Das Buch beginnt mit schwarzen Löchern und den Problemen, die sie verursachen. Denn diese Objekte sind immer noch ziemlich rätselhaft. Vor allem das sogenannte Informationsparadoxon, das besagt, dass physikalische Information in schwarzen Löchern einfach verschwinden kann. Denn so ein schwarzes Loch “hat keine Haare” wie die Physiker sagen. Das heisst, es hat außer seiner Masse, seiner elektrischen Ladung und seinem Drehimpuls keine weiteren Eigenschaften die man in Erfahrung bringen könnte. Was aber passiert nun mit der Information der Dinge, die hinter dem Ereignishorizont eines schwarzen Lochs verschwinden? Wenn man davon ausgeht, dass schwarze Löcher ewig sind und das etwas, das von ihm verschluckt wird, auch niemals wieder herauskommt, dann ist das Problem nur halb so wild. Denn dann kann man argumentieren, dass die Information ja noch da ist – nur halt hinter dem Ereignishorizont. Aber Stephen Hawking hat gezeigt, dass schwarze Löcher nicht ewig sind, sondern Hawking-Strahlung abgeben und sich auflösen. Wenn so ein schwarzes Loch nun also irgendwann weg ist – wo ist die Information der Dinge die in das Loch hineingefallen sind, verschwunden? Sie kann nicht einfach weg sein – das wäre problematisch für die Physik. Denn so wie unsere physikalischen Gesetze momentan aussehen, ist es nicht vorgesehen, dass sich Informationen so einfach in Nichts auflösen – das würde zu jeder Menge unangenehmen Paradoxien und Probleme (z.B. der Verletzung der Unitarität) führen.

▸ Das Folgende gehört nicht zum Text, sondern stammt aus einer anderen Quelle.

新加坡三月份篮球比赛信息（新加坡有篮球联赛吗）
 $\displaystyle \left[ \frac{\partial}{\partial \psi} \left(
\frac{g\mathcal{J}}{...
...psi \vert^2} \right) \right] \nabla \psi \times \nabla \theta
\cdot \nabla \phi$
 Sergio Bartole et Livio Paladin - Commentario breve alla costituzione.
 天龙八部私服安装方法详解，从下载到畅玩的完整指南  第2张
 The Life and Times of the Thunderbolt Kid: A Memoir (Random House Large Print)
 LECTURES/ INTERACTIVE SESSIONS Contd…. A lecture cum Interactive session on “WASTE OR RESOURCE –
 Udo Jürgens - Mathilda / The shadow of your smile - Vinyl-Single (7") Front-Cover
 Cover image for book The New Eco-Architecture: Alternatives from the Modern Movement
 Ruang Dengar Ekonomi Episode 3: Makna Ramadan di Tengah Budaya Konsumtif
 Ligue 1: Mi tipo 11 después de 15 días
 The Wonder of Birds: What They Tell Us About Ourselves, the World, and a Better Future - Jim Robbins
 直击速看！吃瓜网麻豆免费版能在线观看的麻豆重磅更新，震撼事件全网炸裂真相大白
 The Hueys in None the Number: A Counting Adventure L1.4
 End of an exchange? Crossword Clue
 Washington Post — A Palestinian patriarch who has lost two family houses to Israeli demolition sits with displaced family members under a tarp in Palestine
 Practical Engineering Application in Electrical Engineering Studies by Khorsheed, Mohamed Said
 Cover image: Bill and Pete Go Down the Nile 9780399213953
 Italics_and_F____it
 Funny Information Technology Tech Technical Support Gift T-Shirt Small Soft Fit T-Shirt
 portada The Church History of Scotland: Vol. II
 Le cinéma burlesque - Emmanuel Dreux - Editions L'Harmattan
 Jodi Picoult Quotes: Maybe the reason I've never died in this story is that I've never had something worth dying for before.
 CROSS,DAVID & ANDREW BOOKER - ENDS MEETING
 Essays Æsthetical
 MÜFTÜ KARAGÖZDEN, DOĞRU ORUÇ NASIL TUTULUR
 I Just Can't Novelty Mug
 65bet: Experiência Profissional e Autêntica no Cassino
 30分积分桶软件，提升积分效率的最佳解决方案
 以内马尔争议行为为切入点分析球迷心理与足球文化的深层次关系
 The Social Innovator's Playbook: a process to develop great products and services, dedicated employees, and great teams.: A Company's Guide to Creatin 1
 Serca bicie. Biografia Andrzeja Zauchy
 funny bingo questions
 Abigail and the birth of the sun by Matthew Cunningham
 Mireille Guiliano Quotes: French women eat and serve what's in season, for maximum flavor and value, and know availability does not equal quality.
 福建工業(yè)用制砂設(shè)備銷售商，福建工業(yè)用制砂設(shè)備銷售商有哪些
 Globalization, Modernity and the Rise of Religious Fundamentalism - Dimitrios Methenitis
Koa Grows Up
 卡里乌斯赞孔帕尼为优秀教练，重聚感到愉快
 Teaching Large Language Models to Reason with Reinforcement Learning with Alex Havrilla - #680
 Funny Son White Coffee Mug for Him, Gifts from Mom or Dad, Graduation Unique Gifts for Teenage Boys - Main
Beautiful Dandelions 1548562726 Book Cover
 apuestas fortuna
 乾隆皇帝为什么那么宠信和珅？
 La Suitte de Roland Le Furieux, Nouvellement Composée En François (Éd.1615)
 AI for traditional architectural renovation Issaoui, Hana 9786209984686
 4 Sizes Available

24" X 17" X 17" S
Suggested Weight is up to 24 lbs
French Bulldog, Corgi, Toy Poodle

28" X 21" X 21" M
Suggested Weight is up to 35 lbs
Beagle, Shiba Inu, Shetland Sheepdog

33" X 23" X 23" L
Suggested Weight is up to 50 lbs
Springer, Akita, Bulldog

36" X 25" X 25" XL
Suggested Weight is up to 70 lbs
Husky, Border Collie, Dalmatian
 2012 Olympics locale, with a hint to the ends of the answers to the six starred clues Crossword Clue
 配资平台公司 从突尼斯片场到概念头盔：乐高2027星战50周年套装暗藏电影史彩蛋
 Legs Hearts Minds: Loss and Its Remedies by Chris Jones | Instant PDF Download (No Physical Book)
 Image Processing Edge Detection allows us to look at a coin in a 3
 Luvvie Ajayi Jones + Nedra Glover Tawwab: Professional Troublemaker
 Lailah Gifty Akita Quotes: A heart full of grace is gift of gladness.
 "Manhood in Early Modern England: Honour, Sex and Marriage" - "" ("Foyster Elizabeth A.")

Wie also löst man dieses Problem? Und kann man es überhaupt lösen? Vaas stellt im ersten Teil des Buches das Informationsparadoxon detailliert vor und geht dann, ebenfalls sehr ausführlich, auf alle bisher vorgeschlagenen Lösungsmöglichkeiten ein. Stephen Hawking ist beispielsweise mittlerweile der Meinung, dass die Information nicht verschwindet sondern über die Hawking-Strahlung wieder abgegeben wird, die laut ihm nicht völlig thermisch ist, wie man bisher vermutet hat sondern aufgrund quantenmechanischer Effekte doch Informationen enthalten kann. Es gibt aber auch noch viel exotischer Lösungsmöglichkeiten. Manche Forscher haben vorgeschlagen, dass es schwarze Löcher in der bisherigen Form nicht geben kann sondern das stattdessen zum Beispiel Gravasterne entstehen. Andere Wissenschaftler meinen, dass die Information durch das schwarze Loch in ein Paralleluniversum gelangt, in dem sie gespeichert wird. Und dann gibt es noch viel ausergewöhnlichere Lösungsmöglichkeiten… aber ich will ja nicht alles verraten 😉
Der zweite Teil des Buches handelt von Überlichtgeschwindigkeit. Ist es tatsächlich unmöglich, sich schneller als das Licht fortzubewegen? Wie sieht es mit dem Warp-Antrieb aus, den der Physiker Miguel Alcubierre sich ausgedacht hat? Wie ist das mit den Wurmlöchern – kann man sie benutzen, um sich scheinbar schneller als das Licht zu bewegen? Auch wenn das hier sehr nach Science-Fiction klingt sind das doch seriöse Themen echter physikalischer Forschung und Vaas stellt die relevanten Arbeiten ausführlich vor. Und er erklärt auch, warum es doch eher unwahrscheinlich ist, dass wir uns demnächst mit Warp-Antrieb von Stern zu Stern bewegen… Nicht ganz so pessimistisch ist die Sache, wenn es um “natürliche Überlichtgeschwindigkeit” geht. Vaas geht der Frage nach, ob es “Tachyonen” geben kann – also Teilchen, die sich immer schneller als das Licht bewegen. Schaut man sich die Arten der Teilchen an, die unser Universum enthält, dann haben wir Tardyonen, also Teilchen, die sich immer langsamer als das Licht bewegen und Luxonen, also Teilchen die sich immer genau mit Lichtgeschwindigkeit bewegen (z.B. Photonen). Aber Tachyonen scheinen nicht zu existieren. Aber rein prinzipiell könnte es sie geben und Vaas erklärt, wie man sie eventuell doch noch nachweisen könnte.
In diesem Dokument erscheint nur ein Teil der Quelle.